Войдя в класс, я сразу же попал на импровизированный футбольный матч: четверо гоняли ногами чью-то мобилу, остальные азартно болели. Пока я соображал, что же предпринять (перекрикивать такой гвалт – дело бесперспективное, это я еще в первый месяц работы уяснил), примчалась Алевтина Семеновна. Класс настороженно притих (ну вот никак я не пойму, что за секрет таит от молодых коллег наша завучиха), и Алевтина, потрясая трофейной мобилкой, задвинула речь на четверть часа о том, что по половине здесь сидящих колония плачет, а по мне, грешному – биржа труда. М-да-а, а наш институтский препод по педагогике, помнится, очень прочувствованно вещал насчет педагогической этики. Явно отстал от жизни. Пристукнув мобилкой по учительскому столу, Алевтина поставила точку в своих, бесспорно, важных для всех и каждого рассуждениях и уселась на заднюю парту. Бдить. Я уже знал, что за этим воспоследует: еще одна лекция, на этот раз с глазу на глаз, и далеко идущие выводы насчет моей профпригодности. А премия… было бы о чем говорить! Премия в школе – это красивая, но очень печальная легенда. Правда, и каких-либо особо страшных санкций не последует, ну где она найдет нового преподавателя, когда учебный год уже начался?

Вместо третьего урока было окно – Алевтина, составляя расписание, будто бы нарочно сделала для меня самый дурацкий из всех мыслимых графиков. Только я пристроился на шатком стуле чайку попить, как в дверном проеме замаячила всклокоченная голова вахтерши:

– Алик, там твои оглоеды такое творя-ать! Иди скорей, пока они бошки себе не посворачивали!

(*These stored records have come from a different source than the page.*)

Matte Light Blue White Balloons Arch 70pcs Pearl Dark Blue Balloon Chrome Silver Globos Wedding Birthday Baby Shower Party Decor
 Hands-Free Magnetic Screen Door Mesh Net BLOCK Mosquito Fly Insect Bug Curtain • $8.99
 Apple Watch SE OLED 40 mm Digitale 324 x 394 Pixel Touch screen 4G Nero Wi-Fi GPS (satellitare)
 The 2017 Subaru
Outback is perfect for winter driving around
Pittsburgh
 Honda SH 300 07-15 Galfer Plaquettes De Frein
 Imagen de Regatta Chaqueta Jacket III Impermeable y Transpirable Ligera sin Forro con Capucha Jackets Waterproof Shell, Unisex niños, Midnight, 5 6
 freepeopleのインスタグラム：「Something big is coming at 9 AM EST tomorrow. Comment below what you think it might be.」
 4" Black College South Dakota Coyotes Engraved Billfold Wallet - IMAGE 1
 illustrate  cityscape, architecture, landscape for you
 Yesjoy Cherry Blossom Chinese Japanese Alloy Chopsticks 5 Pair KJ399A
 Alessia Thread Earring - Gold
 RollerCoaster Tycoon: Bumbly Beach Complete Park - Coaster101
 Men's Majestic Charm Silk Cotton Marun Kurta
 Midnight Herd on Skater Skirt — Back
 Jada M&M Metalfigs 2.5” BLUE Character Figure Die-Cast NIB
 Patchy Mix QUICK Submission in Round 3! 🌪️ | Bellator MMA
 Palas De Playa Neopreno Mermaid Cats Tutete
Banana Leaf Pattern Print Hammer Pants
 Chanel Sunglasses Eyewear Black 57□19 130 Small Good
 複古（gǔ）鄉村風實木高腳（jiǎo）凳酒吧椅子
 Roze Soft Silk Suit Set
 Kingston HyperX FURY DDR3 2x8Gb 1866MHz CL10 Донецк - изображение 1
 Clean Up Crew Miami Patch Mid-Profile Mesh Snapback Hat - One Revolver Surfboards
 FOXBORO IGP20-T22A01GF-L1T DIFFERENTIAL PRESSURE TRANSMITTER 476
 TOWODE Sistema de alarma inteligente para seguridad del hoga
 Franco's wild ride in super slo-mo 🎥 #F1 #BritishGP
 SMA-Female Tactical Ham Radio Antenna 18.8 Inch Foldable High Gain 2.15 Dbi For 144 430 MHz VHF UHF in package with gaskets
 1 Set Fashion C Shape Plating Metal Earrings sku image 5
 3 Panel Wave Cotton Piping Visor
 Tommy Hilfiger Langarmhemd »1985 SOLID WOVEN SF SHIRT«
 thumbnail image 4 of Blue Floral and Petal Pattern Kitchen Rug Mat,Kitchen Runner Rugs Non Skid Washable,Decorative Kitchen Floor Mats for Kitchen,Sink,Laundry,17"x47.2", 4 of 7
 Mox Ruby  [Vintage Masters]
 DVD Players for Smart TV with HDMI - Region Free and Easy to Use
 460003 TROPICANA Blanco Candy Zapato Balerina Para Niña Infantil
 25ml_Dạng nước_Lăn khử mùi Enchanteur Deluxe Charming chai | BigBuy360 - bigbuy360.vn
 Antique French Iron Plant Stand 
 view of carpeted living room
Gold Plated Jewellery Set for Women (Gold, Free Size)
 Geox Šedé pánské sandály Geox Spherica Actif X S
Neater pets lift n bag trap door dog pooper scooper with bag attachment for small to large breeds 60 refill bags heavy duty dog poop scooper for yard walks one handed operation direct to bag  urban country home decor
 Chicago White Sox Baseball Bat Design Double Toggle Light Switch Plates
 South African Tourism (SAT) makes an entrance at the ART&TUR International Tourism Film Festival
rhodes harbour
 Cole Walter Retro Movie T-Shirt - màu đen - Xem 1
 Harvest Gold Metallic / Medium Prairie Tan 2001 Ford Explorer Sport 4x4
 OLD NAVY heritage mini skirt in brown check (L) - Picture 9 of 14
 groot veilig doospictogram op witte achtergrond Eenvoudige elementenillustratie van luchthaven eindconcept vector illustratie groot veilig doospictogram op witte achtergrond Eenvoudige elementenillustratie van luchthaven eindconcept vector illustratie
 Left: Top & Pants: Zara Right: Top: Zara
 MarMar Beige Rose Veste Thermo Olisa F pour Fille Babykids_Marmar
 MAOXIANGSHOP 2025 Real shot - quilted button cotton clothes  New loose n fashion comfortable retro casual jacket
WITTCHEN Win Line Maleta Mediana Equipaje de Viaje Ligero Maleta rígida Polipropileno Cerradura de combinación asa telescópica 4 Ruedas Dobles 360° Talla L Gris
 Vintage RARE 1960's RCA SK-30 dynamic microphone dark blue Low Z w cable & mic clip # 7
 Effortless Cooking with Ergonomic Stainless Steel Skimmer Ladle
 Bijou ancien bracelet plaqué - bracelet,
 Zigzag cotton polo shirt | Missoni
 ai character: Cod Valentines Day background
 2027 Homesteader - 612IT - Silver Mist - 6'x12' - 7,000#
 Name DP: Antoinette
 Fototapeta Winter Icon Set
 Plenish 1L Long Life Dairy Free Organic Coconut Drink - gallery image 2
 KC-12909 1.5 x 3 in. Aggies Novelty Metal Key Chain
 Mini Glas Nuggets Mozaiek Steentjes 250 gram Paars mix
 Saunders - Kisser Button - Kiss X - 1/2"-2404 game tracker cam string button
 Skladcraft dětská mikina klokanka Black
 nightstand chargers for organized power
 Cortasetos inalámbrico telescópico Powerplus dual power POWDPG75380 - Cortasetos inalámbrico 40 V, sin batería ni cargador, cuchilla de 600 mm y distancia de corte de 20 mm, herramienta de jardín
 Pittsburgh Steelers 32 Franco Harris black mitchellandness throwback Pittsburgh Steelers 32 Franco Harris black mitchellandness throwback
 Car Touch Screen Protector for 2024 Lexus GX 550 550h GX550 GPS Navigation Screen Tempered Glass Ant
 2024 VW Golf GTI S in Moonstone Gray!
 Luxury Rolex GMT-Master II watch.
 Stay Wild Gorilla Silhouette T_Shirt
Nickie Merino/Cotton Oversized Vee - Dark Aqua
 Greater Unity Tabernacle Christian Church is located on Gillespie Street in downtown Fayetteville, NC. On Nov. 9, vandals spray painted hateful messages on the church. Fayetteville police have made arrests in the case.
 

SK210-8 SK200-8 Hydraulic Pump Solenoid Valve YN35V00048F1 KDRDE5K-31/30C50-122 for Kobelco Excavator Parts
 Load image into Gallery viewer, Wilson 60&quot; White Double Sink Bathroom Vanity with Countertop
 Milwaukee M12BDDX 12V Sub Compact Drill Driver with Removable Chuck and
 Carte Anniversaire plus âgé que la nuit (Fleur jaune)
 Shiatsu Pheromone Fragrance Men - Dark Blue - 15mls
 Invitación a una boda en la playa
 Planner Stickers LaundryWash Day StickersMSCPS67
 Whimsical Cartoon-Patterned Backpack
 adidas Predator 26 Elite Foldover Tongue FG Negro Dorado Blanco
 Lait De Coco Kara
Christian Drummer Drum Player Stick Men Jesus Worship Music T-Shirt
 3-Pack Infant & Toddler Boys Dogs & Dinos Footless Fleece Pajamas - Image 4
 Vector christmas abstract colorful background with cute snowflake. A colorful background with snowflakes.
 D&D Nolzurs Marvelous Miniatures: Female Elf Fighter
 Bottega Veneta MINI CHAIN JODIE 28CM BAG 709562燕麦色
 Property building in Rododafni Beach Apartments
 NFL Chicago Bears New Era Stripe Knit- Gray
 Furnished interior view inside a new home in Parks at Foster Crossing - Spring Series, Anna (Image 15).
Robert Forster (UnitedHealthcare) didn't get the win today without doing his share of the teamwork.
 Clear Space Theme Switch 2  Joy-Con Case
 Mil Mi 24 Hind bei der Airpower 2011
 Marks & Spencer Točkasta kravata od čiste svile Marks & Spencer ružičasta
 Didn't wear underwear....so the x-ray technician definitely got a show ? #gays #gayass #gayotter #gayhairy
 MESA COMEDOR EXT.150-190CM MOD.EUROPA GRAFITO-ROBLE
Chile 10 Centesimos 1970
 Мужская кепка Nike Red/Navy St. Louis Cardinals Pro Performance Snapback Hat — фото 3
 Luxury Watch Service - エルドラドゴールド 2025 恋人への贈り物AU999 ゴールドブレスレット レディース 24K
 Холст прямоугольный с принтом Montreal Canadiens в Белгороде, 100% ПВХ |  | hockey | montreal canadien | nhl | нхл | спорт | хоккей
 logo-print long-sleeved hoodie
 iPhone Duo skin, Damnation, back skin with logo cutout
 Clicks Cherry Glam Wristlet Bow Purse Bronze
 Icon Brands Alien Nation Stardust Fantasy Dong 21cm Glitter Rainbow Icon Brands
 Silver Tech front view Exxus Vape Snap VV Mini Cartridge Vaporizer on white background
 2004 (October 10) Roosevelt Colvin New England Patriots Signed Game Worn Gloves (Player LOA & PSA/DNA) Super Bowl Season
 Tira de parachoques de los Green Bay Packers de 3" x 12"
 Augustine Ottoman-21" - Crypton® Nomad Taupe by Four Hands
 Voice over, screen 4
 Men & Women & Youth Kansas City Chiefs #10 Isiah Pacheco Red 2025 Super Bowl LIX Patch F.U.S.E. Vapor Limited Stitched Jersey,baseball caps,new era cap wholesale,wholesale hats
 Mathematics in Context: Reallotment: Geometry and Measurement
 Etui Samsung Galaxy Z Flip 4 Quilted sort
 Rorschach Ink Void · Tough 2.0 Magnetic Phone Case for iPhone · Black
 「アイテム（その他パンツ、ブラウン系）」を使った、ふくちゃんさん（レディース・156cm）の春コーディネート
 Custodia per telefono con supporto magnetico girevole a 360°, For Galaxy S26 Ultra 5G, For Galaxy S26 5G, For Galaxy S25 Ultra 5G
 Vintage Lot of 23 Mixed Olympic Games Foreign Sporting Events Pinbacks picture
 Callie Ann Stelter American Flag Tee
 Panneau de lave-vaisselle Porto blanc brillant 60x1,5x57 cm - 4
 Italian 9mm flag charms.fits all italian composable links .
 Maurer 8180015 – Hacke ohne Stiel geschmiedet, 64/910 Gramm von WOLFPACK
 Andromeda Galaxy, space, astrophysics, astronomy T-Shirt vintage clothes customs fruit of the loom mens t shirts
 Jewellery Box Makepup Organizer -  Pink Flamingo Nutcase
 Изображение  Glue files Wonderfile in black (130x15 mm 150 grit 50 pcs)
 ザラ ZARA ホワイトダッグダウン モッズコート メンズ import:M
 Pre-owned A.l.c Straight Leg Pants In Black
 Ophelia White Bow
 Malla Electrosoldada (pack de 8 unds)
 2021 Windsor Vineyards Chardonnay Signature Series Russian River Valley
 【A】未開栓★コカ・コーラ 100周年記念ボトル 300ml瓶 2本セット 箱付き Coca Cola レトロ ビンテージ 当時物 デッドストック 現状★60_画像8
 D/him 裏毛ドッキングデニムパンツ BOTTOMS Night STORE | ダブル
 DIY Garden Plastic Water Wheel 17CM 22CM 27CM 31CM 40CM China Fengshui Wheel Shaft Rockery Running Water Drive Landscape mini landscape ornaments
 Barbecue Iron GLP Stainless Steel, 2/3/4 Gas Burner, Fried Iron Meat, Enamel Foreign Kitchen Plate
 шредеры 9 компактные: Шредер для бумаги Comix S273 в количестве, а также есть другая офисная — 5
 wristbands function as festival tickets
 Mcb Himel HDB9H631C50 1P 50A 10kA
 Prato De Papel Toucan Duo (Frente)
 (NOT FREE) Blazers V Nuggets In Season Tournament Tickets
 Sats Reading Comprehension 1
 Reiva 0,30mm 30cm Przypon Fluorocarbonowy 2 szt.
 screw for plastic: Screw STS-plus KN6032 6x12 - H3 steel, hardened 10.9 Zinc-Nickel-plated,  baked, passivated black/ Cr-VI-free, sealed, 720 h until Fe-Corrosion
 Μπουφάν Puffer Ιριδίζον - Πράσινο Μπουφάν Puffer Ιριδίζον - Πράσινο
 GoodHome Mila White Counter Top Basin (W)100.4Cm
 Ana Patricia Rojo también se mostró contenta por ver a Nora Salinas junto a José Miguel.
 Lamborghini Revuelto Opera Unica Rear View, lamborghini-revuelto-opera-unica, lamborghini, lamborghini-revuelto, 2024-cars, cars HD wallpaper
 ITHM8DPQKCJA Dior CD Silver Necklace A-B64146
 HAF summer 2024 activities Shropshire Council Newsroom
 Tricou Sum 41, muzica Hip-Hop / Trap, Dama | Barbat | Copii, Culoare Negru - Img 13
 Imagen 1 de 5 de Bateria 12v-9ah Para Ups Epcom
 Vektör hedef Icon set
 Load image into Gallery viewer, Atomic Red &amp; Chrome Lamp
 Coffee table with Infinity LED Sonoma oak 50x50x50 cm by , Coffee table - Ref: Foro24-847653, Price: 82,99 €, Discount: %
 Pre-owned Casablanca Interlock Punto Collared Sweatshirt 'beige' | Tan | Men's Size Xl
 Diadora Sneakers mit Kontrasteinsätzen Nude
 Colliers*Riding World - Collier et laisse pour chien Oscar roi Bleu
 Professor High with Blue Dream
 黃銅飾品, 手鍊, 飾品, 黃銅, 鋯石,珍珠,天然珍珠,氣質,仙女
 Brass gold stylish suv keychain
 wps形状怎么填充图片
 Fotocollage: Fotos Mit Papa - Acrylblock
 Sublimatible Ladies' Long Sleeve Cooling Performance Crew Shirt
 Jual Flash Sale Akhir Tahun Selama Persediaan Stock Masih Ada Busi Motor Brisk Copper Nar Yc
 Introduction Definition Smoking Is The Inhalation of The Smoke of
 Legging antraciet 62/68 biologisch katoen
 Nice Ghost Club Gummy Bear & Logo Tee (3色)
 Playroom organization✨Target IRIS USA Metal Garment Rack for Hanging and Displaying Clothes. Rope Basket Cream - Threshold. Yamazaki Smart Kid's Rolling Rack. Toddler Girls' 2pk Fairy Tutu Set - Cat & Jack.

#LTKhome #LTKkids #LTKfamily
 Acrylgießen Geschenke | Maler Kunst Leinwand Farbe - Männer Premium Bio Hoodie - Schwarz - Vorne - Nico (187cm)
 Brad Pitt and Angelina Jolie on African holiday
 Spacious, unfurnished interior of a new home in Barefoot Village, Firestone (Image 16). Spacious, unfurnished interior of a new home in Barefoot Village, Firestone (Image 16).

Ну, я и пошел, подстраиваясь под ее семенящий шаг, со злостью думая: опять из мухи слона раздула! С нее станется. Конечно, правильнее было бы на себя злиться: пошел ведь, как бычок на веревочке, вместо того, чтобы сначала порасспросить. Потому-то я, наверное, до полтинника буду числиться Аликом. Если, конечно, не пересяду в директорское кресло. Но подозреваю, что и в таком вот карьерном росте моей заслуги не будет. Логика проста, как сюжет мексиканского сериала: тетушки из гороно очень любят начальствовать над… гм… особями мужского пола. Однако ж, к бабке не ходи, я и тогда для всех, даже для учеников, буду Аликом… разве что – не в глаза, а за глаза. Буду привычно корчить из себя эдакого вещего Олега, но и сам в душе так и останусь Аликом… слава богу, если не алкоголиком, что отнюдь не факт. А завуч (кто знает, может, по-прежнему Алевтина; такие, как она, имеют неограниченный срок эксплуатации) вместо разносов будет устраивать мне истерики по поводу того, как все паршиво в нашем учреждении, от кафеля в туалете до обрюзгшей рожи субъекта, занимающего директорское кресло.